- Genre: Game show
- Presented by: Danny Dyer, Ellie Taylor
- Country of origin: United Kingdom
- Original language: English
- No. of series: 1
- No. of episodes: 12

Production
- Producers: Paul King; Nick Shearing;
- Editors: Paul Cope; Matt Armstrong;
- Running time: 30–42 minutes

Original release
- Network: Netflix
- Release: 1 March – 15 March 2023

= Cheat (game show) =

2023 reality television show

Cheat (styled as CH£AT, though the pound currency sign is variation of the letter L) is a British game show hosted by Danny Dyer and Ellie Taylor. The 12 episodes of its only series were released on Netflix in March 2023.

==Game play==
Each episode features four contestants who are asked a series of trivia questions. Contestants can answer them or choose, by subtly pressing a button, to be given the correct answer to say – to cheat. After each question, the other contestants can accuse the answerer of cheating. At the end of the first round, the cheaters are revealed along with all remaining players' performance, and the contestant best at detecting cheating gets to eliminate one of the others.

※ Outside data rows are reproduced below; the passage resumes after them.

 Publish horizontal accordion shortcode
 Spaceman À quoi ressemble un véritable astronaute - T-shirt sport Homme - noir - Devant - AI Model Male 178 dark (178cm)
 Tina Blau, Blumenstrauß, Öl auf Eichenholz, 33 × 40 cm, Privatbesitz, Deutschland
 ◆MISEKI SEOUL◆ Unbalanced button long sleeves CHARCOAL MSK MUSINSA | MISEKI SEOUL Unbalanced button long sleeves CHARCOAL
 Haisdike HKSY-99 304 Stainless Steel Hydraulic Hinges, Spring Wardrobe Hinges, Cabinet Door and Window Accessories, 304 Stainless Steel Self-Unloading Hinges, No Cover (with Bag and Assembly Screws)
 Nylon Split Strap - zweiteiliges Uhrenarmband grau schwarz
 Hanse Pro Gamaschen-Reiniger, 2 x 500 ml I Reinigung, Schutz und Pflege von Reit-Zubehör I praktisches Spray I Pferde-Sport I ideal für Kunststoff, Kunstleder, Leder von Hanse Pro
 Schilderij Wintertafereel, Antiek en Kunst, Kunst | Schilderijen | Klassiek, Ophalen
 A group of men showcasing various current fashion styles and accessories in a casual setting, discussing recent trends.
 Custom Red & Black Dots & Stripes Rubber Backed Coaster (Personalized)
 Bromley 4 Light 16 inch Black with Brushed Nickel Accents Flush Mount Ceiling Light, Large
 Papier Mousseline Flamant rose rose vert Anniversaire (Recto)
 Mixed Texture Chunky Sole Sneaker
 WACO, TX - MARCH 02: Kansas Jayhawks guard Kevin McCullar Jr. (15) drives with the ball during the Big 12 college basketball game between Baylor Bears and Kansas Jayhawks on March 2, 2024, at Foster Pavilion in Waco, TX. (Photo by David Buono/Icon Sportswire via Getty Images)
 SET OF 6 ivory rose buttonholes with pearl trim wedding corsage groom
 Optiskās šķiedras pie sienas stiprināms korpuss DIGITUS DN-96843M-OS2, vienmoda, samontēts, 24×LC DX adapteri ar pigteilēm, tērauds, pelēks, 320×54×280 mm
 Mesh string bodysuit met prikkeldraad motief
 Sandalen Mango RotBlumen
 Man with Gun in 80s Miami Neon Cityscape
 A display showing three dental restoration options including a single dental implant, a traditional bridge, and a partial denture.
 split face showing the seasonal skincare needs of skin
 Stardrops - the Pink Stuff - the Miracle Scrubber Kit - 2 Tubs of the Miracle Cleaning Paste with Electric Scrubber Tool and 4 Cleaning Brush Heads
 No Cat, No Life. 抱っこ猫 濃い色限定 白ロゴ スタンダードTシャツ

After 2 round of questions – with cheaters exposed immediately after an accusation this time – the best cheat detector again eliminates another contestant. The remaining two compete in a final round that ends with either the first wrong answer or the first accusation of cheating. If correct, the accuser wins; if wrong, the accused wins.

Each correct answer added £1,000 in round 1, £3,000 in round 2 to the prize pot, any wrong answers will be deducted from the prize pot. Cheats will add the relevant amount to the prize pot but will be treated as a deduction later. Eliminating a player can refund the appropriate amount based on the number of cheats they used. A maximum potential cash prize of £52,000 can be earned.

==Response==
The show received mixed to negative reviews, with Anita Singh of The Telegraph calling it a "torturously boring and confusing...Whoever commissioned Cheat was a right mug." Joel Keller of Decider rated it a "Stream It" (as opposed to "Skip It"), but criticised its "simple premise that's bogged down by complex gameplay...things get way more complicated than they need to be."

The show was cancelled by Netflix after only one series.